Why the PCB changed the project

I'd done microcontroller work on dev boards before and it always felt like I was renting the hardware. As soon as I had a real board with my soldering on it, bugs stopped feeling like software inconveniences and started feeling like consequences of choices I'd made in KiCad. That shift was most of the value of doing it this way.

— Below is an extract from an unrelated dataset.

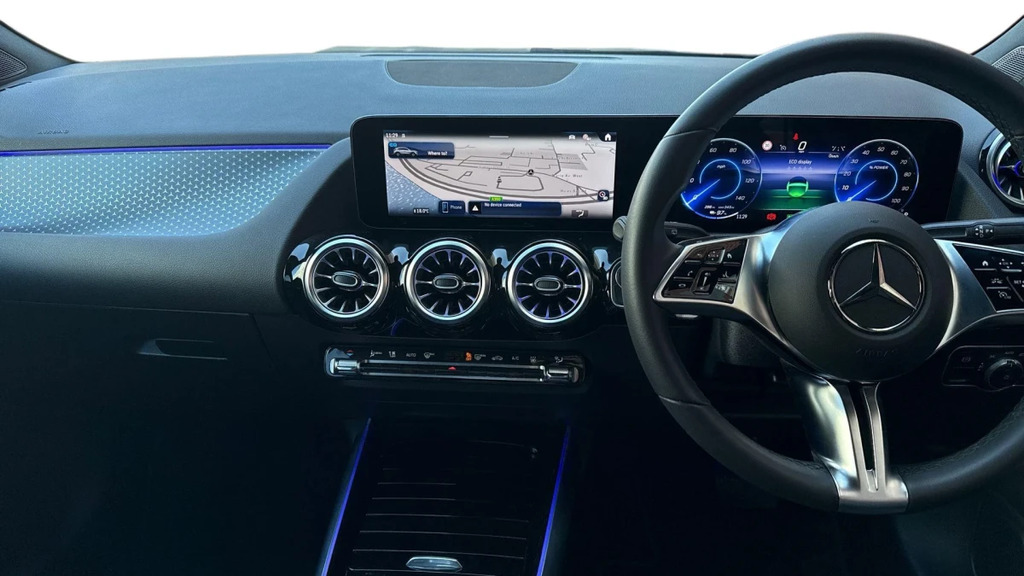Mercedes-Benz EQA Eqa 250 Grey #10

The constraint that mattered: an 8-bit ALU at 8 MHz, with no FPU, no SIMD instruction set, and 8 KB of flash. Anything I built had to fit inside that, or I'd be staring at a brick.

The bits worth showing

• SIMD-on-an-8-bit-ALU display driver. The OLED is 128×64 monochrome, 1024 bytes per frame. The driver packs four pixels into a byte and processes them with bit-parallel tricks. That's how the frame budget stayed under 20 ms with room for game logic.
• Prototype-based inheritance, in C. Entities share behaviour by pointing at a struct of function pointers. No vtable, no class, no allocator. Cheap dispatch and the whole object model fits on one screen.
• Atomic EEPROM commits. Sprite data and save state both live in EEPROM. The commit path writes a new region, then swaps a tiny header pointer. Pull the battery mid-write and the previous version is intact.
• PNG-to-C sprite pipeline. A Python script turns PNG artwork into static C arrays the firmware can include directly. Asset workflow without ever leaving the source tree.

What I'd change

• A host-side emulator. Debugging firmware directly on hardware was character-building and slow. A small SDL-based simulator linking the same C code would have shortened the iteration loop from "reflash and hope" to "rebuild and run."
• Power numbers I'd actually trust. I have peak and standby draw. I don't have a curve over a real gameplay session, so I honestly can't say how long the battery lasts under load. I can only say it outlasted my patience.
• A development log for the driver. The display driver and the EEPROM commit protocol are the parts I'd still defend. They deserved diagrams and measurements at the time, not the half page of comments I left them with.